Maria Sharapova shows no remorse as she reflects on ban

Maria Sharapova shows no remorse as she reflects on ban
Maria Sharapova showed no remorse for her doping scandal on Tuesday as she spoke at a press conference ahead of her return to the sport next month.

The 29-year-old teared up as she spoke about being banned from the game but made no apologies for it, instead telling an audience in Rancho Mirage, California, that she felt vindicated to have had her punishment reduced.

She even slipped in a drugs joke while explaining how she’d spent some of her time off at the hedonistic music festival Coachella.

‘I was like oh so this is what is about – there is a 120,000 doing drugs that I am not aware of.’

Later, she said jovially: ‘I am skipping Coachella this year. I got my day job back!’

Sharapova was speaking at the ANA Inspiring Women Conference when she made the remarks.It was her first public speaking appearance since she was banned from tennis after being found with meldonium in her system at the 2016 Australian Open.

She was suspended from the sport in March while officials carried out an investigation and received her formal ban in June.

Officials initially banned her for two years but the punishment was reduced to 15 months after the Court of Arbitration for Sport recognized that her doping was unintentional. (Sharapova had been taking the drug for 10 years to treat a magnesium deficiency and family history of diabetes before it was added to the World Anti Doping Agency’s banned list in 2015).

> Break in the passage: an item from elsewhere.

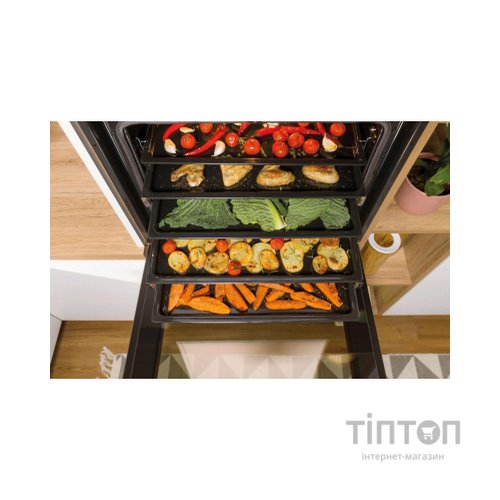 Духова шафа Gorenje BOS6737E06WG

She fought the ban from the start, insisting she had done now wrong. On Tuesday, she carried on that same defiance as she reflected on the year.

‘To be in a moment where you feel or felt like you could have ended on someone else’s voice and someone else’s terms was very difficult to accept and that is why I fought so hard for the truth to be out.

‘You don’t realize how much you love something and how much something means to you until you lose it for some time,’ she said.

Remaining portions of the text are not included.